* GIVEN RECORDS
=== Begin Enclosure ===
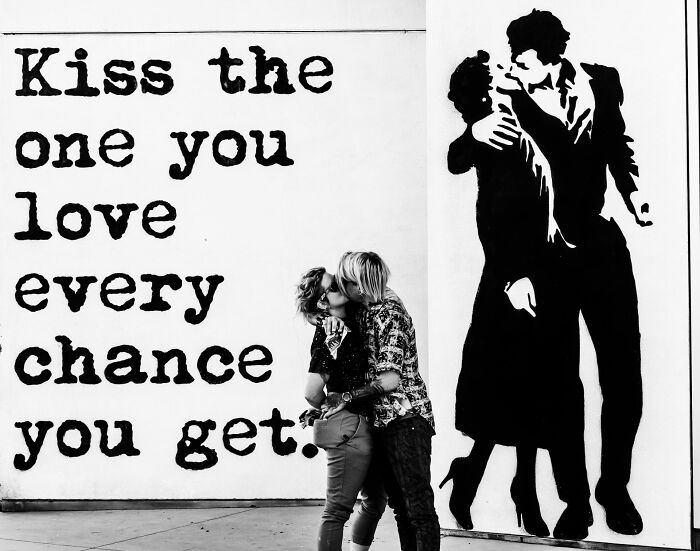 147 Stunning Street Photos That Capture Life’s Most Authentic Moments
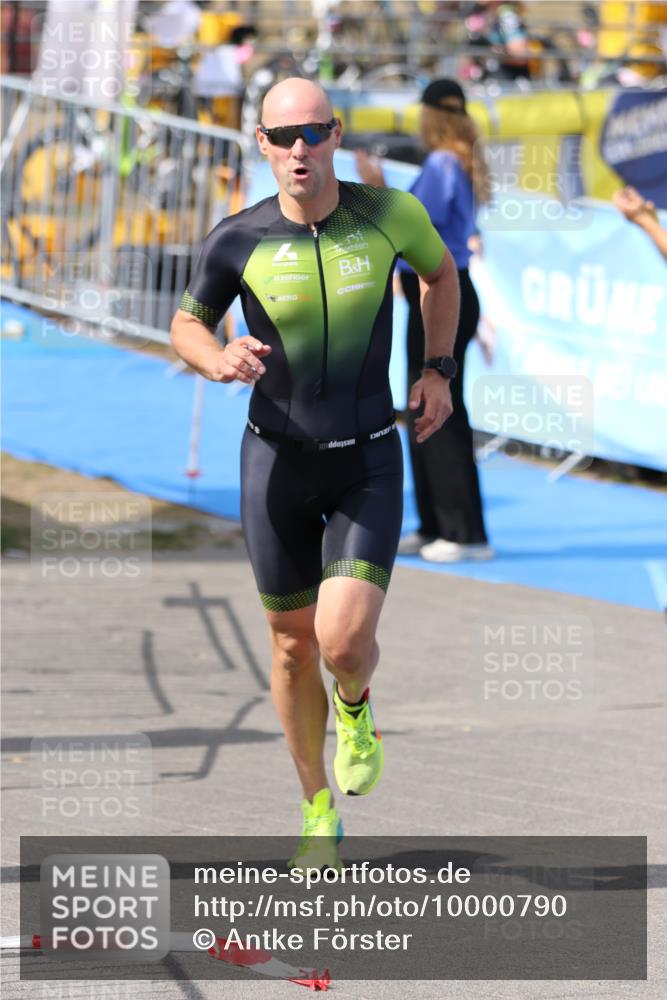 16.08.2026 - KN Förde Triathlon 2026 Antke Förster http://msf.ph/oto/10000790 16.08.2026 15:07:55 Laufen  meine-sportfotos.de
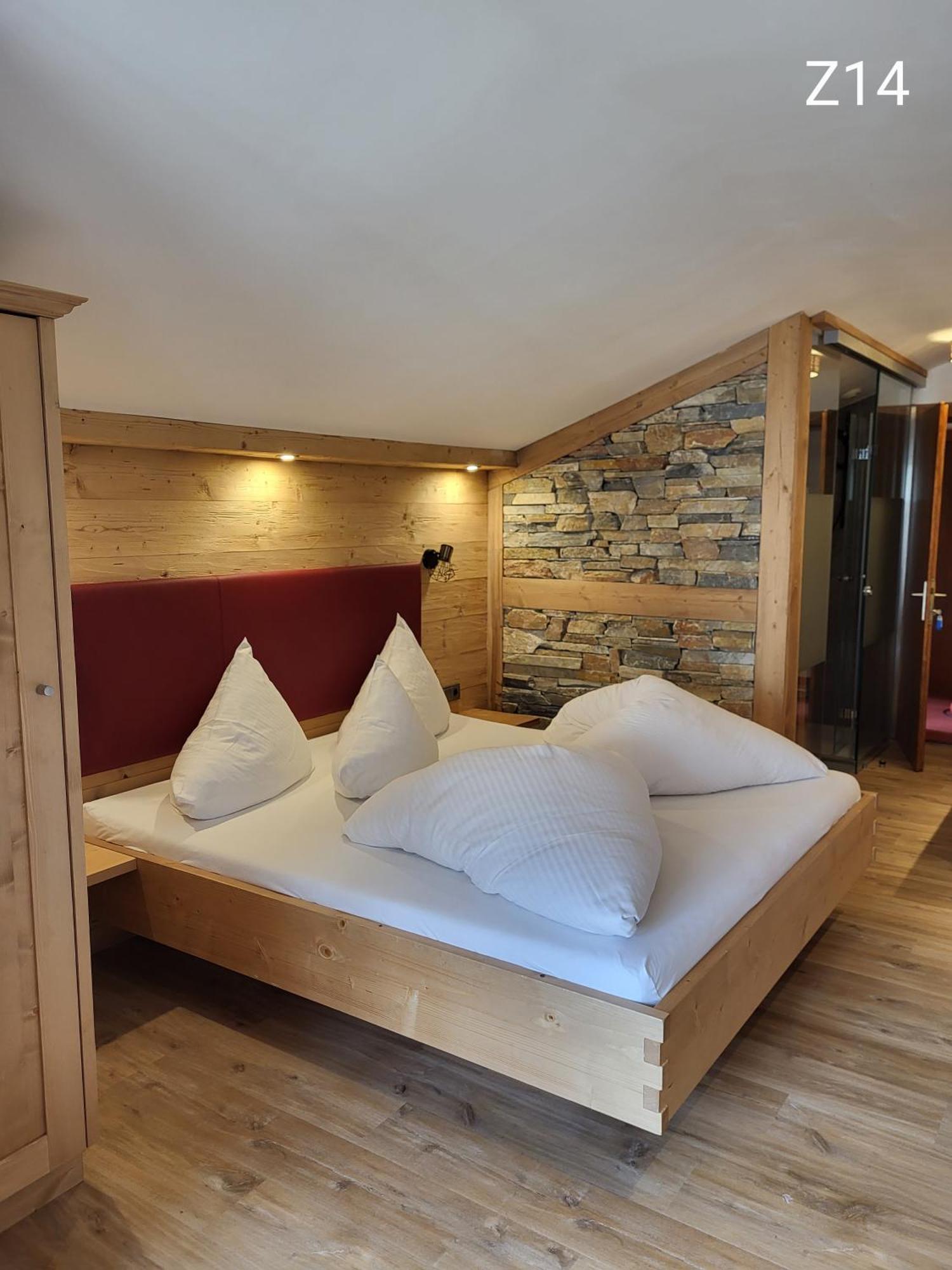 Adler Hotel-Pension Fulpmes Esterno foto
=== End Enclosure ===
=== Begin Enclosure ===
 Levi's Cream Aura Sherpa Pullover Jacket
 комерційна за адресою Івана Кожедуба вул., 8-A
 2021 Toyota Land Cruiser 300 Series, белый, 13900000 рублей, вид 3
=== End Enclosure ===
* YOUR ASSIGNMENT
What you return from the records above should be exactly everything from the line with "16.08.2026 - KN" down to the line with "Adler Hotel-Pension Fulpmes Esterno foto", both kept, and no pictures.

* EXERCISE RESULT
 16.08.2026 - KN Förde Triathlon 2026 Antke Förster http://msf.ph/oto/10000790 16.08.2026 15:07:55 Laufen  meine-sportfotos.de
 Adler Hotel-Pension Fulpmes Esterno foto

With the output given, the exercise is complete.